Thursday, March 19, 2015

Five Years Time

I had no idea what it was going to be like to see him again. 
I hadn't seen him in five years. 
And the last time I saw him, it wasn't good. 
He looked at me like he hated me. 
It burned a hole through my heart. 

I walked up and saw him sitting there, outside the bar. 
His hair was longer. 
It was as long as mine.
He saw me. 
And suddenly all there was between us was a smile. 
Like seeing the kid you spent your childhood with and hadn't seen in a decade. 
My worries drifted away as he wrapped his arms around me and I buried my face in his chest. 
He looked the same. 
And really different. 
I don't know how that works. 
But it was true. 

We sat at the bar and he started talking. 
'Me first?' He asked. 
"Yes.

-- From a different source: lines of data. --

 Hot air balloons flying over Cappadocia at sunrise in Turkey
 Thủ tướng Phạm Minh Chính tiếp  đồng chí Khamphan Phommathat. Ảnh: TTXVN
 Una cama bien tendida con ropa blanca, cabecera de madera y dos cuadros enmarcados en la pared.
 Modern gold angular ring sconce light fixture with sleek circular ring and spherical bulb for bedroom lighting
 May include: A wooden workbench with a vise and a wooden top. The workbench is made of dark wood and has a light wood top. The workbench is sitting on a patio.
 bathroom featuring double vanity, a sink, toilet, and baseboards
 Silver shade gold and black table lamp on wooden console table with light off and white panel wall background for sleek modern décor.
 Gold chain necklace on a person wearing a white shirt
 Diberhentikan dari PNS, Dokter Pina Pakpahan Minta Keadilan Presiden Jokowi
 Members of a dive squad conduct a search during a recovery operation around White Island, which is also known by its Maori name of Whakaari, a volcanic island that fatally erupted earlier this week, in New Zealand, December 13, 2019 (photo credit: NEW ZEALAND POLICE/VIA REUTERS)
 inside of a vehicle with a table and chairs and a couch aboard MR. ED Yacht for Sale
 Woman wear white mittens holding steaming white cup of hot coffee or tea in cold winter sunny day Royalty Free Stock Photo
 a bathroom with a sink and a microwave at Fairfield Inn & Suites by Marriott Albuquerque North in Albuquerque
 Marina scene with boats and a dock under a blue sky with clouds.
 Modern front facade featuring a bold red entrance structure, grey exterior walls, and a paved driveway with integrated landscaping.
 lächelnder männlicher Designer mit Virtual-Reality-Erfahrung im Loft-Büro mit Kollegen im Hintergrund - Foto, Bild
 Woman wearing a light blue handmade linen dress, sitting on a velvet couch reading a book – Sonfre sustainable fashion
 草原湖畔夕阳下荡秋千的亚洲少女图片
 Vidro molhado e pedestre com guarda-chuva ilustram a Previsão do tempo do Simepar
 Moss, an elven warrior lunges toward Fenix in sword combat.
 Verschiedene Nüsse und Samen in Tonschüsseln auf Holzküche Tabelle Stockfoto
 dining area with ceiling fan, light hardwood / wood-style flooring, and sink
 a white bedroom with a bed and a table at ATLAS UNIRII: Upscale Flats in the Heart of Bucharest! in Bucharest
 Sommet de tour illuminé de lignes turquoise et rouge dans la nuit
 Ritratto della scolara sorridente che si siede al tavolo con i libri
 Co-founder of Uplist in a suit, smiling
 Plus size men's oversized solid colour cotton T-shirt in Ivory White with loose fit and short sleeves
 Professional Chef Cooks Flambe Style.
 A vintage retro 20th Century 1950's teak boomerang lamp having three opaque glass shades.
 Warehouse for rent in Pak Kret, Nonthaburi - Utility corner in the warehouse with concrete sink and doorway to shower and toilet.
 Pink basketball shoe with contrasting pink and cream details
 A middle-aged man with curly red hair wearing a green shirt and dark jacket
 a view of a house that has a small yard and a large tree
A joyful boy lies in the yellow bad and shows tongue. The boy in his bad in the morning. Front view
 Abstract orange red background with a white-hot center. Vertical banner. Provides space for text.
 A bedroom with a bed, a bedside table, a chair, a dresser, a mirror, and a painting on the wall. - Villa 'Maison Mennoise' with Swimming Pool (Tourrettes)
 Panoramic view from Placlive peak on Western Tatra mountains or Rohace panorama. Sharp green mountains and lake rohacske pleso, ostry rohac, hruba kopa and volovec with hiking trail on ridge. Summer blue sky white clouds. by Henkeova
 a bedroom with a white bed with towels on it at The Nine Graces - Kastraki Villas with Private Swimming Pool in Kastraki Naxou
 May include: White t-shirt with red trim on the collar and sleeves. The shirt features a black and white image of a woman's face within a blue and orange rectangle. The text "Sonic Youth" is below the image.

Tell me everything. When last we talked you moved to Alaska. Go."
He started telling me about the last five years and I was listening. 
But I also kept tuning out as I just looked at him. 
The lines in his face, the way they crinkled around his eyes, they started to look familiar.
The calm tone of his voice as he went on reminded me of the comfort that used to bring.
The tattoo that peaked out from his hoodie along his wrist and remembering the one on his back and his leg. 
And the new tattoo on his finger I realized wasn't familiar. 
It all came flooding back. 
All of it. 
That lovesick girl, desperate to win his favor. 
And failing, miserably.

He kept talking, more than I expected, but I guess there was a lot to tell. 
Five years of story.
Then it was my turn. 
"I'm really into rock climbing now."
'What? No way.'
"And I really like legos."
'Who ARE you?' He smiled. 

We were so different.
Different than we'd been five years ago.
But how then did our past selves connect us so strongly?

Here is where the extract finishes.